Instantiate a decorator for handling request failures.

Uses a wait generator defined in backoff_wait_generator to determine backoff behaviour. Try limit is defined in backoff_max_tries, and will trigger the event defined in backoff_handler before retrying. Developers may override one or all of these methods to provide custom backoff or retry handling.

Parameters:: func (RequestFunc) – Function to decorate.
Returns:: A decorated method.
Return type:: RequestFunc

request_records(context)[source]¶

Request records from REST endpoint(s), returning response records.

If pagination is detected, pages will be recursed automatically.

Parameters:: context (Context | None) – Stream partition or context dictionary.
Yields:: An item for every record in the response.
Return type:: t.Iterable[dict]

response_error_message(response)[source]¶

Build error message for invalid http statuses.

WARNING - Override this method when the URL path may contain secrets or PII

Parameters:: response (Response) – A requests.Response object.
Returns:: The error message
Return type:: str

update_sync_costs(request, response, context)[source]¶

Update internal calculation of Sync costs.

Parameters:

request (requests.PreparedRequest) – the Request object that was just called.
response (requests.Response) – the requests.Response object
context (Context | None) – the context passed to the call

Returns:

A dict of costs (for the single request) whose keys are the “cost domains”. See calculate_sync_cost for details.

Return type:

dict[str, int]

validate_response(response)[source]¶

Validate HTTP response.

Checks for error status codes and whether they are fatal or retriable.

In case an error is deemed transient and can be safely retried, then this method should raise an singer_sdk.exceptions.RetriableAPIError.
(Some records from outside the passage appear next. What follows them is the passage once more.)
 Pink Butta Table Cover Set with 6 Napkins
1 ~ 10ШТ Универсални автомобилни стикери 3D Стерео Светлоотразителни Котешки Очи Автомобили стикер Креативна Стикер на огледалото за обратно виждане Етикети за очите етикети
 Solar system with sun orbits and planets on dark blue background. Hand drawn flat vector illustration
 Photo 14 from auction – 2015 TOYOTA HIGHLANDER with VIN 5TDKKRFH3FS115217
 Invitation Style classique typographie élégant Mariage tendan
By default this applies to 5xx error codes, along with values set in: extra_retry_statuses

In case an error is unrecoverable raises a singer_sdk.exceptions.FatalAPIError. By default, this applies to 4xx errors, excluding values found in: extra_retry_statuses

Tap developers are encouraged to override this method if their APIs use HTTP status codes in non-conventional ways, or if they communicate errors differently (e.g. in the response body).

Parameters:

response (Response) – A requests.Response object.

Raises:

FatalAPIError – If the request is not retriable.
RetriableAPIError – If the request is retriable.

Return type:

None

allow_redirects = True[source]¶: Optional flag to disable HTTP redirects. Defaults to False.

property authenticator: Auth[source]¶

Return or set the authenticator for managing HTTP auth headers.
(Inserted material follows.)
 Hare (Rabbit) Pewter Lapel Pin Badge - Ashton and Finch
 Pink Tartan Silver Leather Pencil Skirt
If an authenticator is not specified, REST-based taps will simply pass http_headers as defined in the stream class.

Returns:: Authenticator instance that will be used to authenticate all outgoing requests.

extra_retry_statuses = [][source]¶: Response code reference for rate limit retries

property http_headers: dict[source]¶

Return headers dict to be used for HTTP requests.

If an authenticator is also specified, the authenticator’s headers will be combined with http_headers when making HTTP requests.

Returns:: Dictionary of HTTP headers to use as a base for every request.

property http_method: str[source]¶: HTTP method to use for requests. Defaults to “GET”.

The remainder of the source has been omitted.